Il en découle un travail original de traduction critique du De Architectura, - le premier qui mette en lumière le modèle d’organisation des connaissances du traité -, ainsi que la possibilité pour la théorie architecturale - qui ne cesse de se redéfinir - de se retrouver et de se confronter à un autre modèle cognitif expérimenté.
Au-delà de Vitruve, il s’agit de comparer la théorie d’architecture non pas à un autre savoir (tendance expérimentée par cette discipline) mais à une « forme cognitive » ; à une systématique de la pensée reconnaissable et reproductible.
Plus qu’un travail de traduction du modèle cognitif
du De Architectura, ce livre est un regard croisé.
La proximité des univers cognitifs mis en jeux par l’analogie architectura/encyclios est fondatrice d’un croisement. Fils de Thot, dieu sage et malin, il s’agit de la naissance d’une écriture bâtarde. D’où l’incertitude de son adoption ! Par les architectes qui travaillent
et réfléchissent au statut théorique de leur discipline ? Par les philosophes qui trouveront ici une herméneutique appliquée au domaine spécifique
de l’architecture ? Par les historiens qui verront comment à juste titre le De Architectura s’inscrit dans la tradition des grands textes théoriques de l’histoire des sciences et des techniques ? Ou par les archéologues, qui se confronterons avec la première traduction de Vitruve réalisée à partir du regard croisé de l’architecture et de l’épistémologie ?

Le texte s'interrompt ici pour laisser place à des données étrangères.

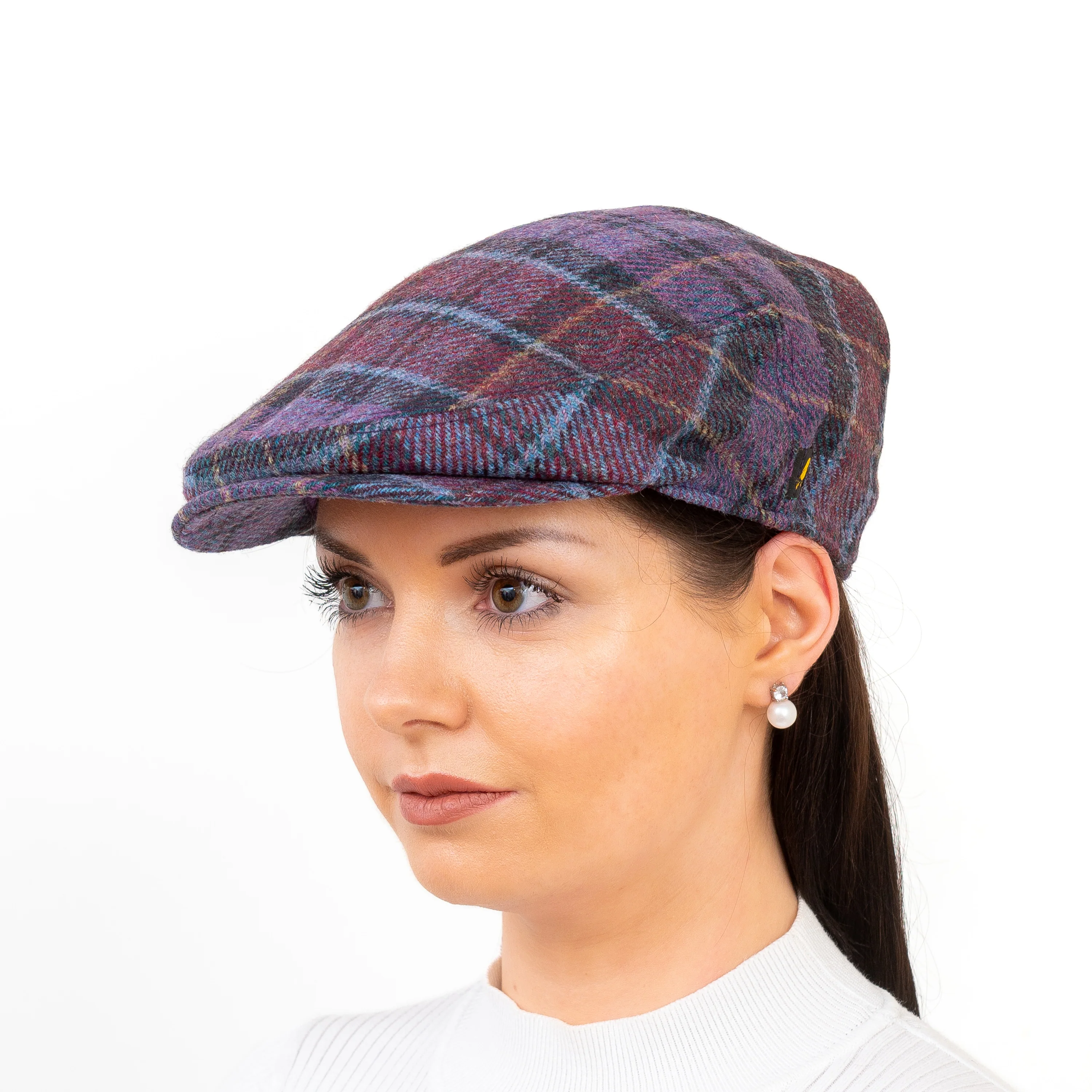 Aran Cap 100% Pure New Wool - Image 2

Ou, plus simplement, comme dit Vitruve, par « tout homme de culture ».
La diversité de tous ces savoirs impliqués constitue la force et en même temps la faiblesse de cette écriture. Bien que leur contamination permet de croiser
les points de vue et de décloisonner des disciplines
en voyant surgir de nouvelles interprétations, parfois
les spécificités de certaines thématiques peuvent
se révéler, selon le niveau de compétences du lecteur, complexes ou au contraire trop simplistes.
Mais, comme dans une naissance mythique,
ce « bâtard ignorant », bien trop étrange pour se dire beau, trop impertinent pour se dire rigoureux, sera malgré tout, nous l’espérons, accompagné par
les commentaires indulgents de nombreux lecteurs bienveillants.

                                                                                        A.V.